§ **About this exercise**
Set down exactly the lines from the one containing "Zurich Stadthaus. Wedding" through the last line of the data below, and no others.

§ **Records for this task**
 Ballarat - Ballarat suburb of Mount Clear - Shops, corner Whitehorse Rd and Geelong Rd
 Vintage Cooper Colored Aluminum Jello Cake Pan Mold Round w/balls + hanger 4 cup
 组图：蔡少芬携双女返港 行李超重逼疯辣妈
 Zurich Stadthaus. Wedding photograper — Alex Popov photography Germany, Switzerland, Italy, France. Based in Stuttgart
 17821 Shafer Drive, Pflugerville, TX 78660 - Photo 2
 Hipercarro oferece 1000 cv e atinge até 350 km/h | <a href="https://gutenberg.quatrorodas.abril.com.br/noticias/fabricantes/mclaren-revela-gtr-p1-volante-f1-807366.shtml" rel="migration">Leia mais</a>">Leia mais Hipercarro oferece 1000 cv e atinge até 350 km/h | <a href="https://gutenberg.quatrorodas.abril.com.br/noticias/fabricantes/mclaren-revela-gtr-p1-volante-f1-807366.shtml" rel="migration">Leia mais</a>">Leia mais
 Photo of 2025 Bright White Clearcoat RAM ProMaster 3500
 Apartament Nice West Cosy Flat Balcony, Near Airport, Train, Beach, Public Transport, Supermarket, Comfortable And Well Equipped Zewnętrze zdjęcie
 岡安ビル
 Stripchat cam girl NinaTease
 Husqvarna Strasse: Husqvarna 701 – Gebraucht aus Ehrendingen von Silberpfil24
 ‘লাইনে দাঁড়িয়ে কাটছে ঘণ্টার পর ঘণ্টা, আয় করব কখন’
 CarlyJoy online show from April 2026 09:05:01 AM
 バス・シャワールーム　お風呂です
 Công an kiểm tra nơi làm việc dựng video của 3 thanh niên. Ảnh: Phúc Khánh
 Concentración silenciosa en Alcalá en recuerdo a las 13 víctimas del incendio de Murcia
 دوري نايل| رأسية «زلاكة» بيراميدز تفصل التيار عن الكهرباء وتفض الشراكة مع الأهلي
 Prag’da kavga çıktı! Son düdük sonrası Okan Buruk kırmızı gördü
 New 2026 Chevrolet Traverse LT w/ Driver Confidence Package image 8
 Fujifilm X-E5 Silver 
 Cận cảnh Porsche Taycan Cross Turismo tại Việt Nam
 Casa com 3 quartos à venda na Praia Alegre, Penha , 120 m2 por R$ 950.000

§ **Answer space**
 Zurich Stadthaus. Wedding photograper — Alex Popov photography Germany, Switzerland, Italy, France. Based in Stuttgart
 17821 Shafer Drive, Pflugerville, TX 78660 - Photo 2
 Hipercarro oferece 1000 cv e atinge até 350 km/h | <a href="https://gutenberg.quatrorodas.abril.com.br/noticias/fabricantes/mclaren-revela-gtr-p1-volante-f1-807366.shtml" rel="migration">Leia mais</a>">Leia mais Hipercarro oferece 1000 cv e atinge até 350 km/h | <a href="https://gutenberg.quatrorodas.abril.com.br/noticias/fabricantes/mclaren-revela-gtr-p1-volante-f1-807366.shtml" rel="migration">Leia mais</a>">Leia mais
 Photo of 2025 Bright White Clearcoat RAM ProMaster 3500
 Apartament Nice West Cosy Flat Balcony, Near Airport, Train, Beach, Public Transport, Supermarket, Comfortable And Well Equipped Zewnętrze zdjęcie
 岡安ビル
 Stripchat cam girl NinaTease
 Husqvarna Strasse: Husqvarna 701 – Gebraucht aus Ehrendingen von Silberpfil24
 ‘লাইনে দাঁড়িয়ে কাটছে ঘণ্টার পর ঘণ্টা, আয় করব কখন’
 CarlyJoy online show from April 2026 09:05:01 AM
 バス・シャワールーム　お風呂です
 Công an kiểm tra nơi làm việc dựng video của 3 thanh niên. Ảnh: Phúc Khánh
 Concentración silenciosa en Alcalá en recuerdo a las 13 víctimas del incendio de Murcia
 دوري نايل| رأسية «زلاكة» بيراميدز تفصل التيار عن الكهرباء وتفض الشراكة مع الأهلي
 Prag’da kavga çıktı! Son düdük sonrası Okan Buruk kırmızı gördü
 New 2026 Chevrolet Traverse LT w/ Driver Confidence Package image 8
 Fujifilm X-E5 Silver 
 Cận cảnh Porsche Taycan Cross Turismo tại Việt Nam
 Casa com 3 quartos à venda na Praia Alegre, Penha , 120 m2 por R$ 950.000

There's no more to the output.